## EXERCISE DIRECTIONS
Give only the number of lines below that contain the word "Digital".

[Data items]
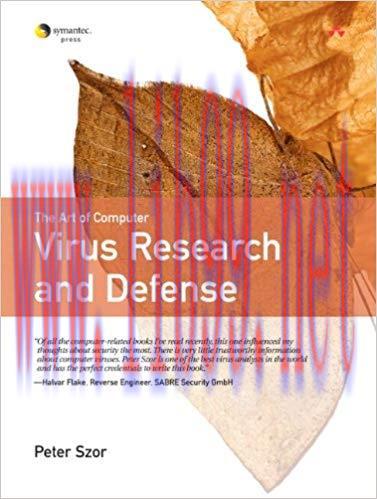 The Art of Computer Virus Research and Defense: ART COMP VIRUS RES DEFENSE _p1 (Symantec Press)...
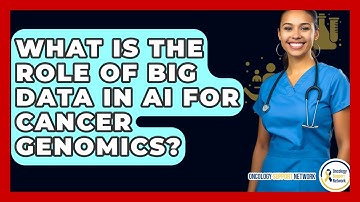 What Is The Role Of Big Data In AI For Cancer Genomics? - Oncology Support Network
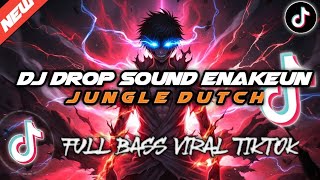 DJ DROP ENAKEUN SOUND JJ KANE FULL BASS BIKIN TERBANG VIRAL DI TIKTOK 2025 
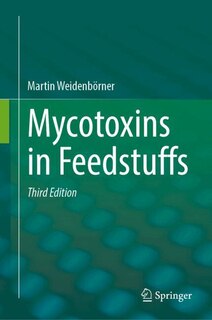 Front cover_Mycotoxins in Feedstuffs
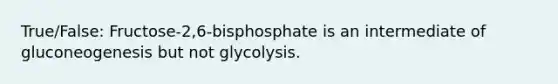 True/False: Fructose-2,6-bisphosphate is an intermediate of gluconeogenesis but not glycolysis.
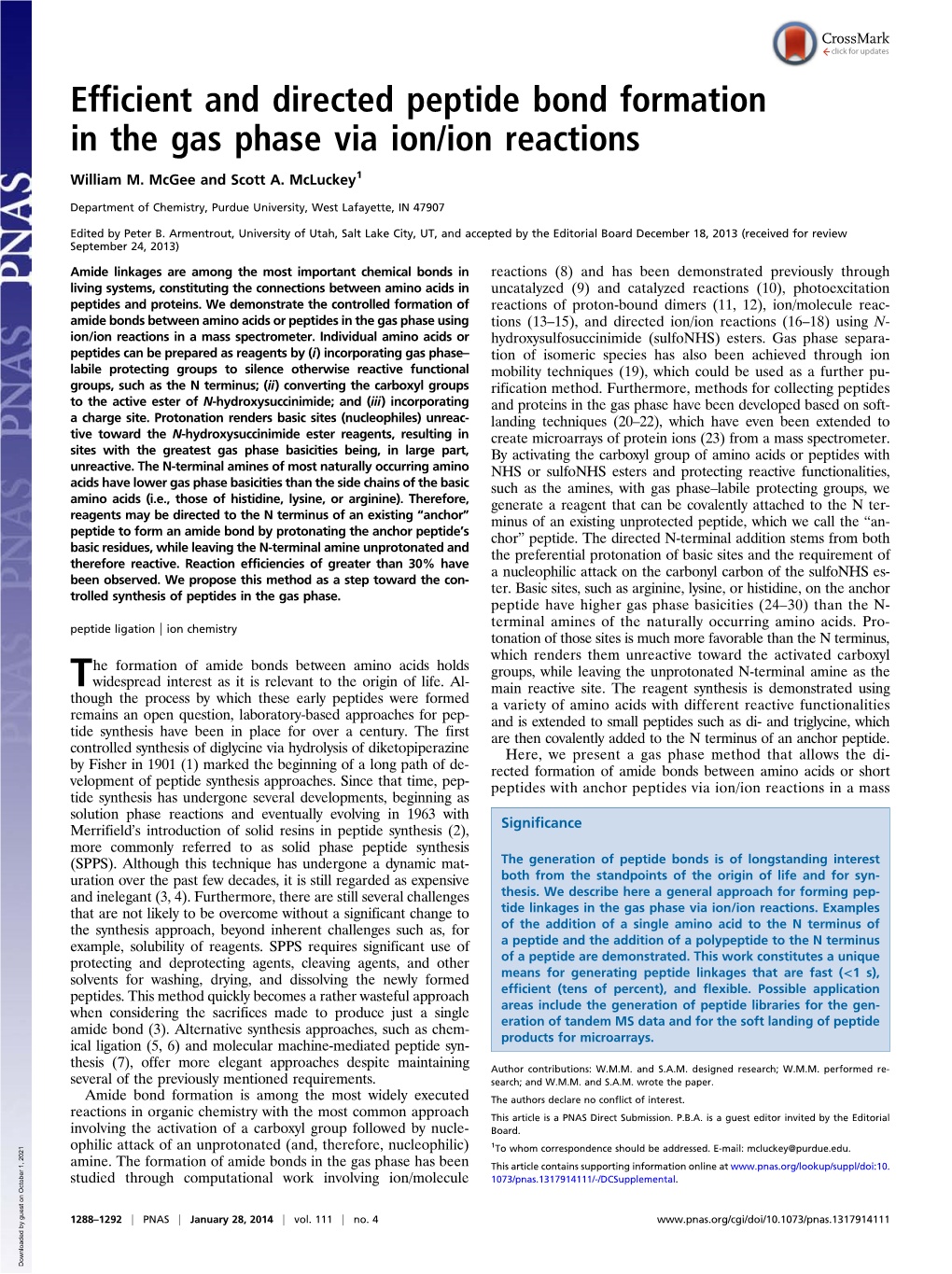 Efficient and Directed Peptide Bond Formation in the Gas Phase Via Ion/Ion Reactions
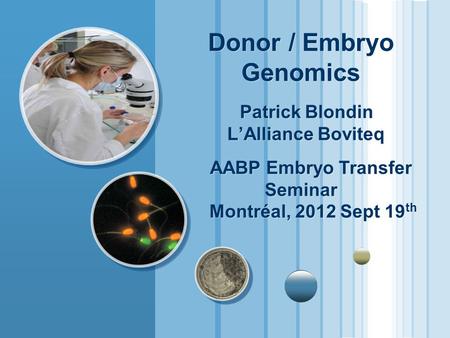 Donor / Embryo Genomics Patrick Blondin L’Alliance Boviteq AABP Embryo Transfer Seminar Montréal, 2012 Sept 19 th.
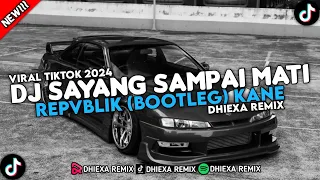 Download DJ SAYANG SAMPAI MATI - REPVBLIK (BOOTLEG) X DROP ENAKUEN VIRAL TIKTOK TERBARU 2024 MP3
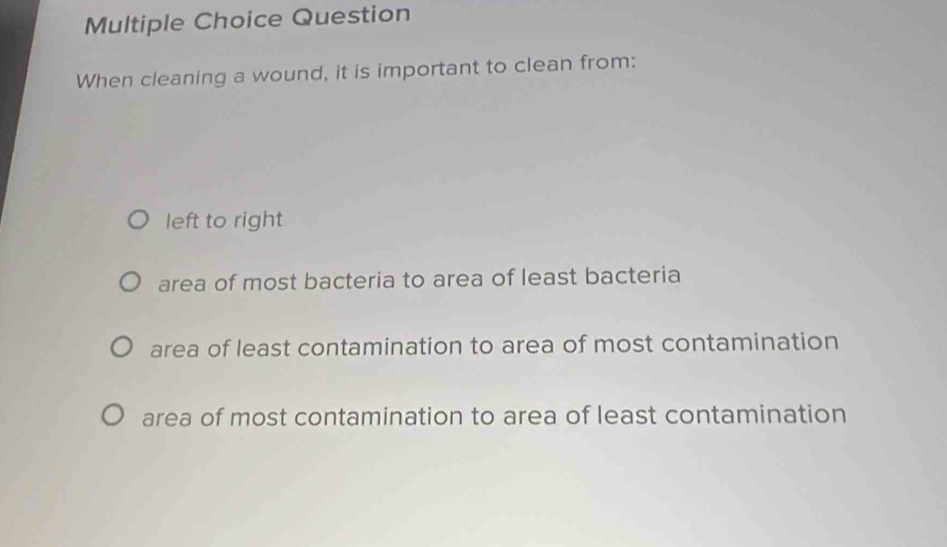 Question
When cleaning a wound, it is important to clean from:
left to right
area of most bacteria to area of least bacteria
area of least contamination to area of most contamination
area of most contamination to area of least contamination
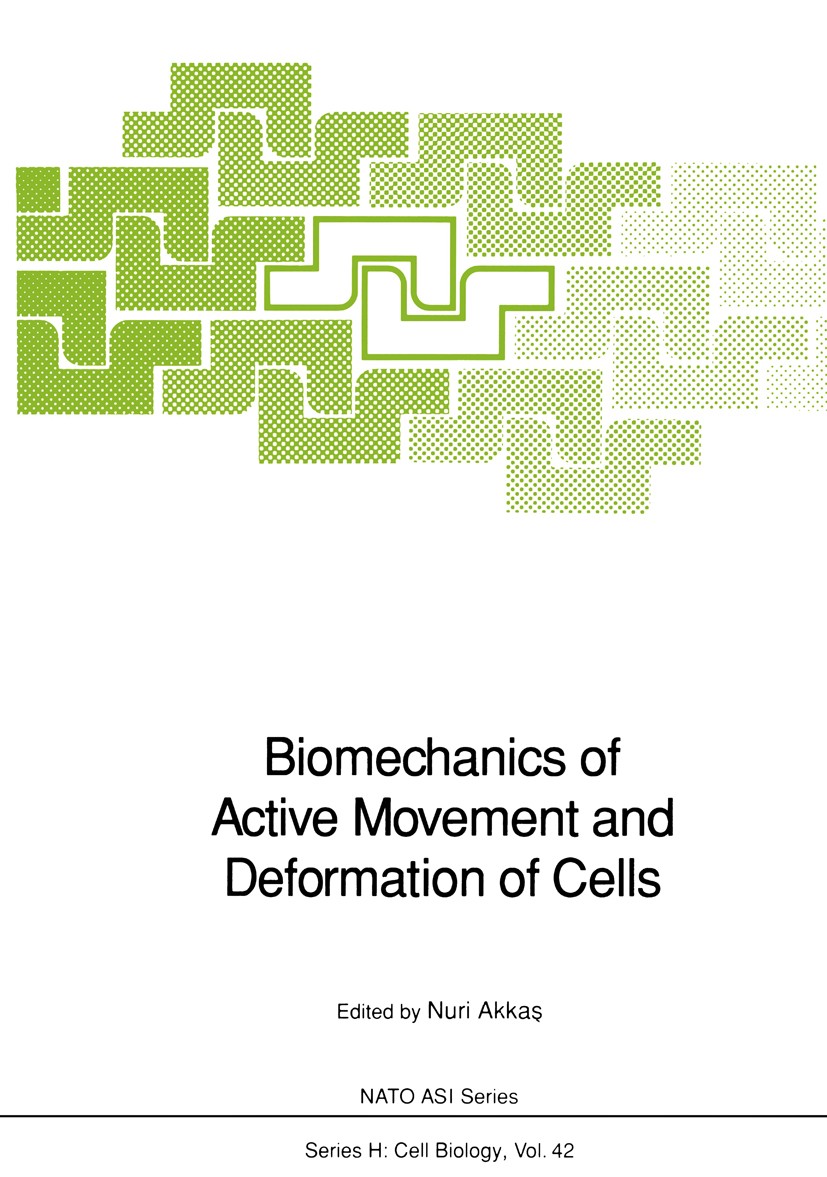 Titlebook: Biomechanics of Active Movement and Deformation of Cells; Nuri Akkaş Conference proceedings 1990 Springer-Verlag Berlin Heidelberg 1990 Mi Titlebook: Biomechanics of Active Movement and Deformation of Cells; Nuri Akkaş Conference proceedings 1990 Springer-Verlag Berlin Heidelberg 1990 Mi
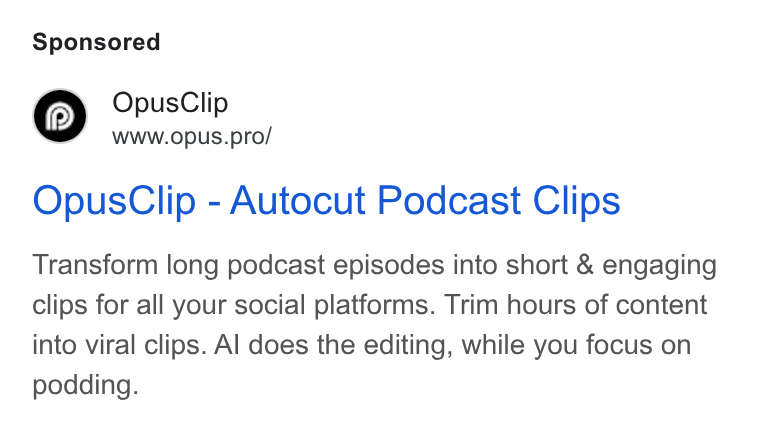 OpusClip ad on Google Ads: Opus Clip Wwww.opus.pro/ Opus Clip - Autocut Podcast Clips Transform long podcast episodes into short & engaging clips for all your social platforms. Trim hours of content into viral clips. Al does the editing, while you focus on podding.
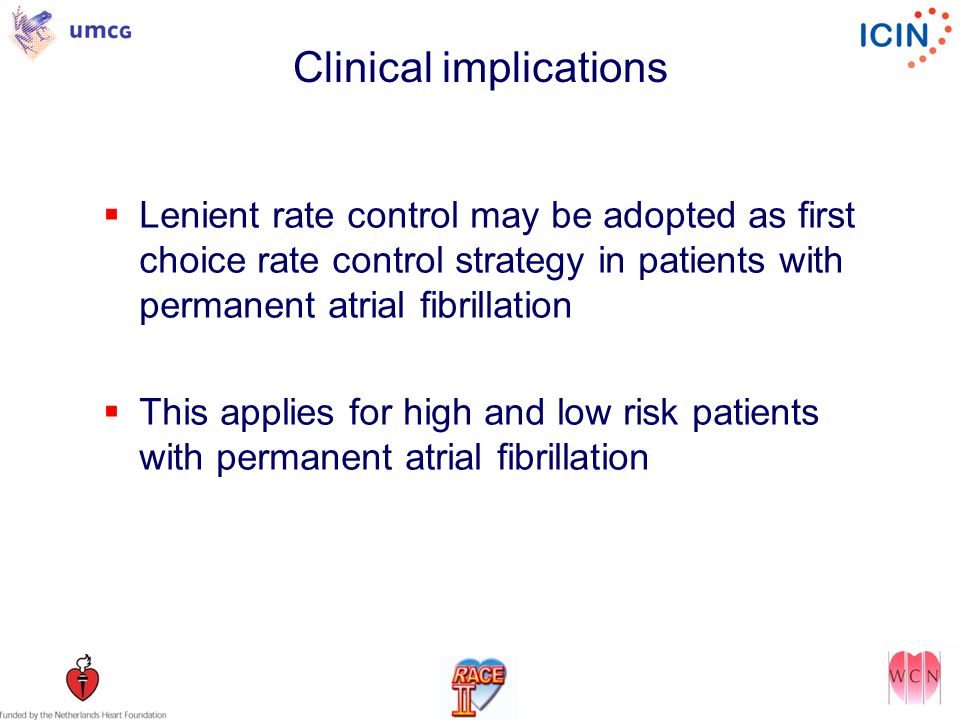 Clinical implications  Lenient rate control may be adopted as first choice rate control strategy in patients with permanent atrial fibrillation  This applies for high and low risk patients with permanent atrial fibrillation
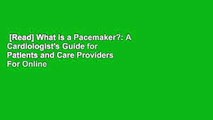 [Read] What is a Pacemaker?: A Cardiologist's Guide for Patients and Care Providers  For Online
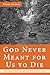 God Never Meant for Us to Die: The Emergence of Evil in the Light of the Genesis Creation Account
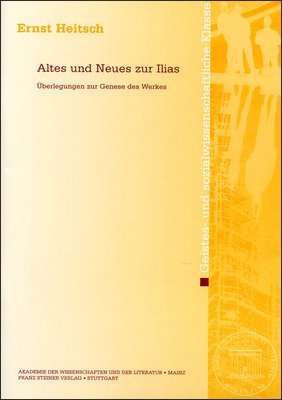 Ernst Heitsch - Altes Und Neues Zur Ilias: Uberlegungen Zur Genese Des Werkes, Häftad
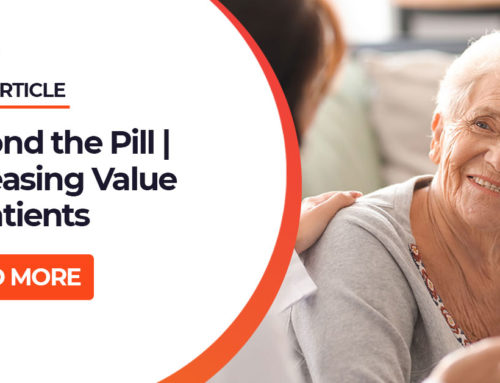 Beyond the Pill | Increasing Value to Patients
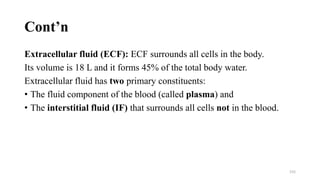 Cont’n
Extracellular fluid (ECF): ECF surrounds all cells in the body.
Its volume is 18 L and it forms 45% of the total body water.
Extracellular fluid has two primary constituents:
• The fluid component of the blood (called plasma) and
• The interstitial fluid (IF) that surrounds all cells not in the blood.
155
 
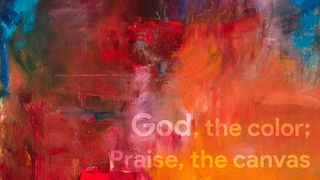 God, the Color; Praise, the Canvas Genesis 1:16 New Living Translation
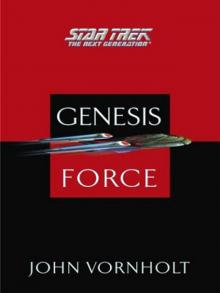 STAR TREK: TNG - The Genesis Wave, Book Four - Genesis Force Read online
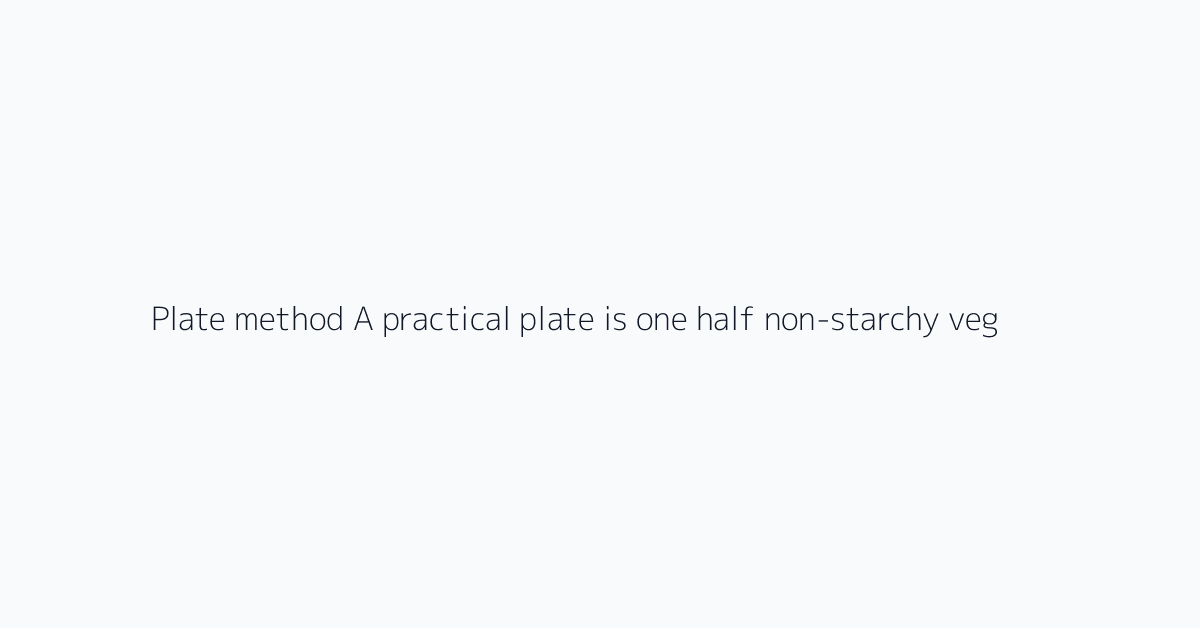 Plate method A practical plate is one half non-starchy vegetables, one quarter protein, an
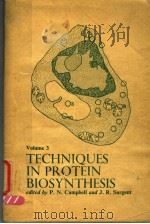TECHNIQUES IN PROTEIN BIOSYNTHESIS PDF电子版封面 0121581632 P.N.CAMPBELL AND J.R.SARGENT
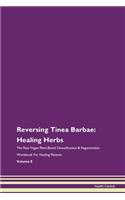 Reversing Tinea Barbae: Healing Herbs The Raw Vegan Plant-Based Detoxification & Regeneration Workbook For Healing Patients Volume 8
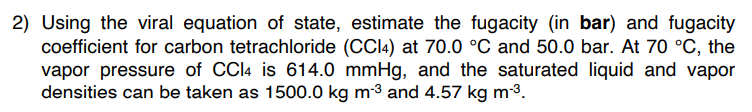 2) Using the viral equation of state, estimate the fugacity (in bar) and fugacity
coefficient for carbon tetrachloride (CCl4) at 70.0 °C and 50.0 bar. At 70 °C, the
vapor pressure of CCl4 is 614.0 mmHg, and the saturated liquid and vapor
densities can be taken as 1500.0 kg m-3 and 4.57 kg m-³.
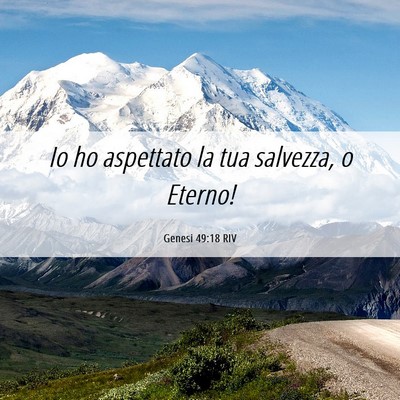 Picture 06 - Genesi 49:18 RIV - Io ho aspettato la tua salvezza, o - Bible Verse Picture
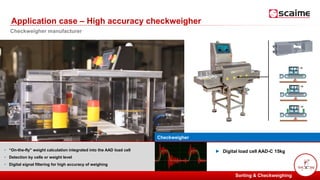 PESAGE ET MESURE POUR L’INDUSTRIE
Checkweigher
• “On-the-fly" weight calculation integrated into the AAD load cell
• Detection by cells or weight level
• Digital signal filtering for high accuracy of weighing
► Digital load cell AAD-C 15kg
Application case – High accuracy checkweigher
Sorting & Checkweighing
Checkweigher manufacturer
 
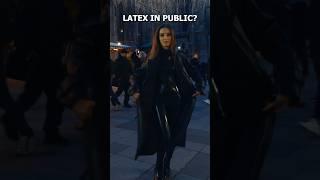 LATEX IN PUBLIC? #latex #public #viral #firstshortvideo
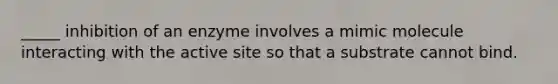 _____ inhibition of an enzyme involves a mimic molecule interacting with the active site so that a substrate cannot bind.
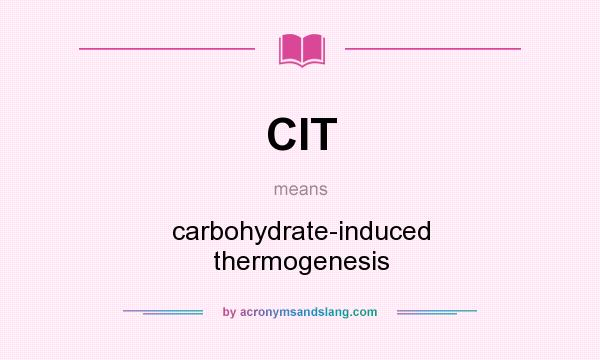 What does CIT mean? It stands for carbohydrate-induced thermogenesis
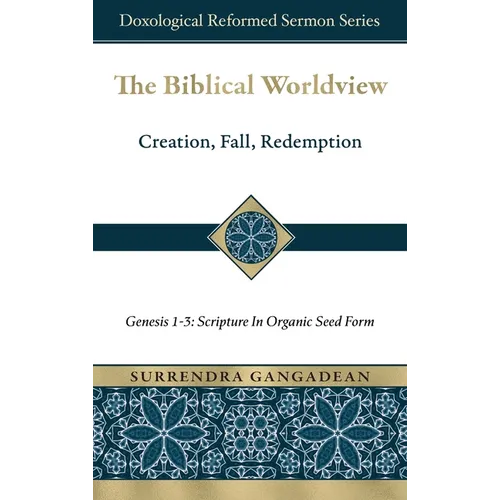 The Biblical Worldview: Genesis 1-3: Scripture in Organic Seed Form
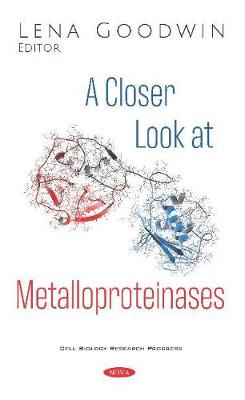 A Closer Look at Metalloproteinases - Goodwin, Lena (Editor)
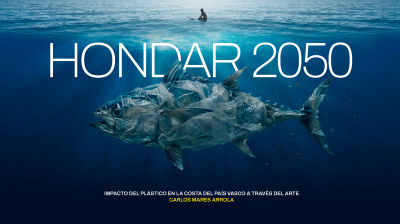 Hondar 2050: Plastföroreningar längs den baskiska kusten genom Carlos Mares Arrolas arbete – Dokumentär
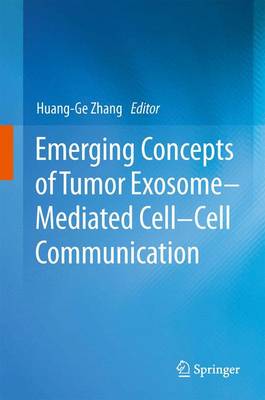 Emerging Concepts of Tumor ExosomeMediated Cell-Cell Communication 2013 ed.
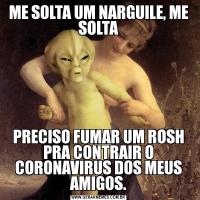 ME SOLTA UM NARGUILE, ME SOLTAPRECISO FUMAR UM ROSH PRA CONTRAIR O CORONAVIRUS DOS MEUS AMIGOS.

## YOUR SOLUTION
2